Then there is the cotton lint, or “fly,” as it is called, which literally fills the air. It is no unusual thing to find the air around the factory for a hundred or more feet literally alive with cotton shreds. There are contrivances for carrying off a certain amount of this dust, but there are few Rhode Island factories which have installed them, and there is no one in which, so far as I know, any energetic and scientific efforts are making to solve the terrible problem. For terrible it is. Breathe a cotton-saturated air, a damp, hot air at that, for ten hours a day and consider the condition in which lungs and throat will be.
Now these are conditions natural to the making of cotton and woollen cloths, conditions which can never be entirely corrected. They are hard and wearing, but they become dangerous in the extreme when combined with certain other conditions not incident to the industry, due entirely to the ignorance or the greed or the indifference of factory owners.
It is hard to believe that men who ask other men and women and children to labor ten hours a day in a dripping heat and an atmosphere alive with cotton and wool particles will be slow to furnish them abundant supplies of pure flowing drinking water; but a bucket or barrel filled from some outside source is frequently all that is furnished a floor of workers.

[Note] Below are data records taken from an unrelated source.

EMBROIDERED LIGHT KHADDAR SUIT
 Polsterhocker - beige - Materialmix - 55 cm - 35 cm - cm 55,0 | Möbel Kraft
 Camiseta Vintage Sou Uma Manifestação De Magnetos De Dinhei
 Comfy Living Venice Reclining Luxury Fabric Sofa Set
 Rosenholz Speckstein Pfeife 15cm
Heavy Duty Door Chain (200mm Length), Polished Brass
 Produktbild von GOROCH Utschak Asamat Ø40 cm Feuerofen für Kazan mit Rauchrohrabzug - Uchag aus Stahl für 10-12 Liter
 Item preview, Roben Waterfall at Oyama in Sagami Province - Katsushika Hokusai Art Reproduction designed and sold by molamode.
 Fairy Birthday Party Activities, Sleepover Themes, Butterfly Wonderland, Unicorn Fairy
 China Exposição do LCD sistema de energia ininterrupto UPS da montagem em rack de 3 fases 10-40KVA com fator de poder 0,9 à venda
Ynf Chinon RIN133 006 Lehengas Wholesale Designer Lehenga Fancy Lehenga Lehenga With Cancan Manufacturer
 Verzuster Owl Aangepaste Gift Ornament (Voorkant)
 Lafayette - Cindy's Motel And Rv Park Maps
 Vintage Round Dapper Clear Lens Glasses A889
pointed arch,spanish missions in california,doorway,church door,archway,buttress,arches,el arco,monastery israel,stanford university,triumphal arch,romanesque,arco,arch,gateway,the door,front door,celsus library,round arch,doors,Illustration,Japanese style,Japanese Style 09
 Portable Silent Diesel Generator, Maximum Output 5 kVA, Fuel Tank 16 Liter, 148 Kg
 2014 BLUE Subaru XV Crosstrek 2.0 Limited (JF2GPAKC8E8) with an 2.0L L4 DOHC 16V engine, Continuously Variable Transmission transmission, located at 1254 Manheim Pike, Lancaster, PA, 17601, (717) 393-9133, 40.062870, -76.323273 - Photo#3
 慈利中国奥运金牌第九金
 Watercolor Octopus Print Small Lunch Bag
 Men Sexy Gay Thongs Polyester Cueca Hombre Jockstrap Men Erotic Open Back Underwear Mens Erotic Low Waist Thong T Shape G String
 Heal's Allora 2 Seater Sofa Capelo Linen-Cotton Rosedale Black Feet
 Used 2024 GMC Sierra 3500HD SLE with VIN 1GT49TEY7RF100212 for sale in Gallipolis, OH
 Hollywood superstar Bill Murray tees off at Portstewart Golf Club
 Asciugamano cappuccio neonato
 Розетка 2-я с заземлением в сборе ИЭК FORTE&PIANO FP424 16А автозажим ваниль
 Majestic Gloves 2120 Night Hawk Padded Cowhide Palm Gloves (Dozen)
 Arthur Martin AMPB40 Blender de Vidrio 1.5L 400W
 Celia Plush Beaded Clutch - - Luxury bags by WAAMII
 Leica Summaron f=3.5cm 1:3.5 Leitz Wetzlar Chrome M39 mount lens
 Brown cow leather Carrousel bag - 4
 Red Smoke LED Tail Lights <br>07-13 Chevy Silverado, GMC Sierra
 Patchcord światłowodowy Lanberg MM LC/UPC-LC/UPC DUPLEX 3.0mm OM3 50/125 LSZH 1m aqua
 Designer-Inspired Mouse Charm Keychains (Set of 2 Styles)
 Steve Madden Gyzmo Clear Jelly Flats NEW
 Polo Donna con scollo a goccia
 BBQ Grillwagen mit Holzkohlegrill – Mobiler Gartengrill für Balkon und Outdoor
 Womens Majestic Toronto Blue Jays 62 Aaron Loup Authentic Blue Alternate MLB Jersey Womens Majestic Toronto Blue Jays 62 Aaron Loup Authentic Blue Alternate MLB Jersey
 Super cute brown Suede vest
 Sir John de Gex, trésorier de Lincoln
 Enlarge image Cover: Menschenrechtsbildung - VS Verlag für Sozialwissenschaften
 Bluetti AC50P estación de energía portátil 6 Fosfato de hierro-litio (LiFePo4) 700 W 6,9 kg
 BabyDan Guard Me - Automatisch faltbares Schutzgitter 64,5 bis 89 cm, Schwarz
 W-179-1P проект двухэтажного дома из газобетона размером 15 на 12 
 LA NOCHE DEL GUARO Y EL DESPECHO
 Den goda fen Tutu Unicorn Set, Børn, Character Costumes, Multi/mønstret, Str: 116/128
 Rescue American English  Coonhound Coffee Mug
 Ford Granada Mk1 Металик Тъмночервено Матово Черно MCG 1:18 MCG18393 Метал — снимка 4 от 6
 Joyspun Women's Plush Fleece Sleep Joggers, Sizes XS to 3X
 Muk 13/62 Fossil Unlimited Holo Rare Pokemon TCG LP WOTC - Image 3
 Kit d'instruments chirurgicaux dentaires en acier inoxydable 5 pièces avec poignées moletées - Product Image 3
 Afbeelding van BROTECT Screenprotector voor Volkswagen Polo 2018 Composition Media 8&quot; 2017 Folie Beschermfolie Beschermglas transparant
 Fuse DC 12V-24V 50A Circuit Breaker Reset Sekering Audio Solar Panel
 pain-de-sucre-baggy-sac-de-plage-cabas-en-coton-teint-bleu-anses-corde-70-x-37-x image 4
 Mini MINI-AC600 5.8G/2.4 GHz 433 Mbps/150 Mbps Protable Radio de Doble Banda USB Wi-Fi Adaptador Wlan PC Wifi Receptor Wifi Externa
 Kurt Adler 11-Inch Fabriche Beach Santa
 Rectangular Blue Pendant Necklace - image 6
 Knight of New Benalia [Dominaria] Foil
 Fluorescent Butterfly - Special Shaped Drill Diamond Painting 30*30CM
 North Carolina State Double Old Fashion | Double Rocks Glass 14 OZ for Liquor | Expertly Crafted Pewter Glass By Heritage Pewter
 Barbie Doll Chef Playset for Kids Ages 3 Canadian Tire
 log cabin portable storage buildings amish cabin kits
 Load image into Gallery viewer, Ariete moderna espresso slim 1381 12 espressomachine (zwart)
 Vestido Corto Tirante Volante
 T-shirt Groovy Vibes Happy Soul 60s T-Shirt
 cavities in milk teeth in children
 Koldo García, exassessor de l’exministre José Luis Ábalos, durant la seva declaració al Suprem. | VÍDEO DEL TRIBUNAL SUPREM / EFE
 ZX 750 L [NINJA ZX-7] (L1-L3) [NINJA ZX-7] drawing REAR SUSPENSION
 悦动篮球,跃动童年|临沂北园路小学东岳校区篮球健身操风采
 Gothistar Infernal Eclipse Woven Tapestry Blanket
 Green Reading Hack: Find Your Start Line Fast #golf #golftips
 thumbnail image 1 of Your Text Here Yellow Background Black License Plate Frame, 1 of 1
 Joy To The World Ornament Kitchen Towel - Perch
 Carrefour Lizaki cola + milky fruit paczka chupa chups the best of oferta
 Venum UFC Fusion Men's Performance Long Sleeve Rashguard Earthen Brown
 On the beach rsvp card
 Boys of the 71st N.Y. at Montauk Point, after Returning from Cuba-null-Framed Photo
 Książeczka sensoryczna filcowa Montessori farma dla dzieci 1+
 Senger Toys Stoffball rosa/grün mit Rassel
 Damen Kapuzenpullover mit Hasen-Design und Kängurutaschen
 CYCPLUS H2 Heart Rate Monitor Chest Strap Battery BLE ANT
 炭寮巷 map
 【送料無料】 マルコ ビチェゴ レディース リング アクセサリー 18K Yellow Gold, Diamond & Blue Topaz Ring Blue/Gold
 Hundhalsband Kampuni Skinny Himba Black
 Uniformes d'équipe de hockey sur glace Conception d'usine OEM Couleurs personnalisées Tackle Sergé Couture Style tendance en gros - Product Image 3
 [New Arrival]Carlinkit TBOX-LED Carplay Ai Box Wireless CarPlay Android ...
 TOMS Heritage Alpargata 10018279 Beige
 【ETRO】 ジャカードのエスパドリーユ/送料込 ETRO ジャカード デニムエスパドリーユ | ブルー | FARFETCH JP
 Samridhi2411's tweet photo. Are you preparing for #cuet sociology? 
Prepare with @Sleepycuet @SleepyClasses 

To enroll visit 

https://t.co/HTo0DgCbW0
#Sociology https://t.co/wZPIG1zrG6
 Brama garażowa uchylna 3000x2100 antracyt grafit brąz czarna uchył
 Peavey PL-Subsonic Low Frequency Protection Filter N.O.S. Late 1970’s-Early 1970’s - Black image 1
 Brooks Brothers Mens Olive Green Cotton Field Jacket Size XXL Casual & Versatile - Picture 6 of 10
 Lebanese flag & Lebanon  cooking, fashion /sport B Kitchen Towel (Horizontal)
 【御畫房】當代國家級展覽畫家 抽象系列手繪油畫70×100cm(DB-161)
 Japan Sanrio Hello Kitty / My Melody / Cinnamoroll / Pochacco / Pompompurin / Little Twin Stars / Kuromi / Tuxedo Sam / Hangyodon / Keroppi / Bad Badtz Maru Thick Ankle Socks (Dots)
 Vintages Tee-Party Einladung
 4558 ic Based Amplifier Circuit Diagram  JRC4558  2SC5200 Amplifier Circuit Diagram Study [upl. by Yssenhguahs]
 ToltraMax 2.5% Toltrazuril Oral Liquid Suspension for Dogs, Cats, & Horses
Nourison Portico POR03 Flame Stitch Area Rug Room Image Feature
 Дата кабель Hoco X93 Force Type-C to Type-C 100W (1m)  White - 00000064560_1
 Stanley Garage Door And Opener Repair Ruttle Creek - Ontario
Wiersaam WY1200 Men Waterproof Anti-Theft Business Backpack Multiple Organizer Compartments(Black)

It is difficult to believe that factory owners would not be eager to see that these workers of theirs were furnished with comfortably heated toilet rooms, with every sanitary appliance; but all up and down the Pawtucket River one finds factories with toilets that cannot by any stretch of words be called respectable.
When the day’s work is done the textile operative rarely 342has a comfortable cloak or dressing room in which to prepare for the street. If it were merely the matter of putting on a hat and coat, this would not be serious. But part at least of the clothes ought to be changed before going out. The heat, moisture, and dust under which he has worked for ten hours make it unsafe to go suddenly into the open air without dry garments. In cold weather a chill or shock is almost inevitable. But it is rare that the factory provides a dressing room. The result is that bronchitis and pneumonia are always attacking textile operatives, weakening lungs and throat and fitting the system for the white plague, which hangs like a perpetual shadow over a textile community.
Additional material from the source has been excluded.